Task statement: Type out the full set of entries again, unchanged.

--- Data shown ---

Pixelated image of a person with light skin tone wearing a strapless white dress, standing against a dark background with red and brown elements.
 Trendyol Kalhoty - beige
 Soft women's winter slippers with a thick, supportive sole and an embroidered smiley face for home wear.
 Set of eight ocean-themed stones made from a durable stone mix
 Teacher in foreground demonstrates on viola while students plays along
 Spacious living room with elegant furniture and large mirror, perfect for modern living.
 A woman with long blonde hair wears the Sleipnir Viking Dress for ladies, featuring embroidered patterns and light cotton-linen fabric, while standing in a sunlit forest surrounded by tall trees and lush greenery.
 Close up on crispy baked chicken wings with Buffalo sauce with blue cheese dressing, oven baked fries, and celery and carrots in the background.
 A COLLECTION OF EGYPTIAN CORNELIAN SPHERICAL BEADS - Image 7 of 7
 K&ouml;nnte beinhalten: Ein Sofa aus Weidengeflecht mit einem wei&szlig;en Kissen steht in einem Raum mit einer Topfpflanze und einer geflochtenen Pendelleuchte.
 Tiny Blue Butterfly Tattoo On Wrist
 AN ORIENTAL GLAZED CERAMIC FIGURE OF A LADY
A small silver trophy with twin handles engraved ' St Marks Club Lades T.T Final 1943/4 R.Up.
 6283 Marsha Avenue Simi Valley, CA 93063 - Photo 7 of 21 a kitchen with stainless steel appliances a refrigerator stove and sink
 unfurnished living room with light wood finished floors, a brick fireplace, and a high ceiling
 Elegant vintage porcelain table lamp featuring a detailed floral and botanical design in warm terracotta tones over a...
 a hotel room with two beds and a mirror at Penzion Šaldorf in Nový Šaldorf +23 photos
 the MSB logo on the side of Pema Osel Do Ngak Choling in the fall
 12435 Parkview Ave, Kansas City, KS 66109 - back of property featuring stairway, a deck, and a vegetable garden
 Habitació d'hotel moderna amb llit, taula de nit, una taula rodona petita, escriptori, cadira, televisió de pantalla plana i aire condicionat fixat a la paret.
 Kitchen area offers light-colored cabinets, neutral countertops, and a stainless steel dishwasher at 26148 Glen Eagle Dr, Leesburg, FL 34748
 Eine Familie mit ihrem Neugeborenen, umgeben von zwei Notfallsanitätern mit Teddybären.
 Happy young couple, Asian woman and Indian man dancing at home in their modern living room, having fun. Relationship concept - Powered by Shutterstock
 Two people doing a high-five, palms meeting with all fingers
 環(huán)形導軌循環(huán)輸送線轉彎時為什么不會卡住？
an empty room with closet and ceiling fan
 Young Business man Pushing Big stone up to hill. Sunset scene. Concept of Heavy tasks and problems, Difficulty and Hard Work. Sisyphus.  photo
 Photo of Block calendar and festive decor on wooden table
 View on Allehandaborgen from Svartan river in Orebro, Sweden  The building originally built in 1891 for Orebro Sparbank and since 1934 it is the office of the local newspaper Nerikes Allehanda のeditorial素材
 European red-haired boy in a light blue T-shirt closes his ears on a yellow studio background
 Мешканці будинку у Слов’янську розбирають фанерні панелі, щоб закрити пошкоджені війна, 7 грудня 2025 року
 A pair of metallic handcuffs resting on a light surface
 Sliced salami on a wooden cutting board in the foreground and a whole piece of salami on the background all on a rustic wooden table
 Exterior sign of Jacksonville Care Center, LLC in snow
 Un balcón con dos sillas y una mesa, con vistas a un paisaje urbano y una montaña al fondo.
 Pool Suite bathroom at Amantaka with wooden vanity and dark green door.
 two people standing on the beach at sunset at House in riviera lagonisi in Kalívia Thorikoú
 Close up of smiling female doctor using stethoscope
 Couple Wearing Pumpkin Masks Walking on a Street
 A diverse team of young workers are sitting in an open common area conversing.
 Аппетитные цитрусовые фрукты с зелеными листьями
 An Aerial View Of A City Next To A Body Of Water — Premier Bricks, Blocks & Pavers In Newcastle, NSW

---

Result below:
Pixelated image of a person with light skin tone wearing a strapless white dress, standing against a dark background with red and brown elements.
 Trendyol Kalhoty - beige
 Soft women's winter slippers with a thick, supportive sole and an embroidered smiley face for home wear.
 Set of eight ocean-themed stones made from a durable stone mix
 Teacher in foreground demonstrates on viola while students plays along
 Spacious living room with elegant furniture and large mirror, perfect for modern living.
 A woman with long blonde hair wears the Sleipnir Viking Dress for ladies, featuring embroidered patterns and light cotton-linen fabric, while standing in a sunlit forest surrounded by tall trees and lush greenery.
 Close up on crispy baked chicken wings with Buffalo sauce with blue cheese dressing, oven baked fries, and celery and carrots in the background.
 A COLLECTION OF EGYPTIAN CORNELIAN SPHERICAL BEADS - Image 7 of 7
 K&ouml;nnte beinhalten: Ein Sofa aus Weidengeflecht mit einem wei&szlig;en Kissen steht in einem Raum mit einer Topfpflanze und einer geflochtenen Pendelleuchte.
 Tiny Blue Butterfly Tattoo On Wrist
 AN ORIENTAL GLAZED CERAMIC FIGURE OF A LADY
A small silver trophy with twin handles engraved ' St Marks Club Lades T.T Final 1943/4 R.Up.
 6283 Marsha Avenue Simi Valley, CA 93063 - Photo 7 of 21 a kitchen with stainless steel appliances a refrigerator stove and sink
 unfurnished living room with light wood finished floors, a brick fireplace, and a high ceiling
 Elegant vintage porcelain table lamp featuring a detailed floral and botanical design in warm terracotta tones over a...
 a hotel room with two beds and a mirror at Penzion Šaldorf in Nový Šaldorf +23 photos
 the MSB logo on the side of Pema Osel Do Ngak Choling in the fall
 12435 Parkview Ave, Kansas City, KS 66109 - back of property featuring stairway, a deck, and a vegetable garden
 Habitació d'hotel moderna amb llit, taula de nit, una taula rodona petita, escriptori, cadira, televisió de pantalla plana i aire condicionat fixat a la paret.
 Kitchen area offers light-colored cabinets, neutral countertops, and a stainless steel dishwasher at 26148 Glen Eagle Dr, Leesburg, FL 34748
 Eine Familie mit ihrem Neugeborenen, umgeben von zwei Notfallsanitätern mit Teddybären.
 Happy young couple, Asian woman and Indian man dancing at home in their modern living room, having fun. Relationship concept - Powered by Shutterstock
 Two people doing a high-five, palms meeting with all fingers
 環(huán)形導軌循環(huán)輸送線轉彎時為什么不會卡住？
an empty room with closet and ceiling fan
 Young Business man Pushing Big stone up to hill. Sunset scene. Concept of Heavy tasks and problems, Difficulty and Hard Work. Sisyphus.  photo
 Photo of Block calendar and festive decor on wooden table
 View on Allehandaborgen from Svartan river in Orebro, Sweden  The building originally built in 1891 for Orebro Sparbank and since 1934 it is the office of the local newspaper Nerikes Allehanda のeditorial素材
 European red-haired boy in a light blue T-shirt closes his ears on a yellow studio background
 Мешканці будинку у Слов’янську розбирають фанерні панелі, щоб закрити пошкоджені війна, 7 грудня 2025 року
 A pair of metallic handcuffs resting on a light surface
 Sliced salami on a wooden cutting board in the foreground and a whole piece of salami on the background all on a rustic wooden table
 Exterior sign of Jacksonville Care Center, LLC in snow
 Un balcón con dos sillas y una mesa, con vistas a un paisaje urbano y una montaña al fondo.
 Pool Suite bathroom at Amantaka with wooden vanity and dark green door.
 two people standing on the beach at sunset at House in riviera lagonisi in Kalívia Thorikoú
 Close up of smiling female doctor using stethoscope
 Couple Wearing Pumpkin Masks Walking on a Street
 A diverse team of young workers are sitting in an open common area conversing.
 Аппетитные цитрусовые фрукты с зелеными листьями
 An Aerial View Of A City Next To A Body Of Water — Premier Bricks, Blocks & Pavers In Newcastle, NSW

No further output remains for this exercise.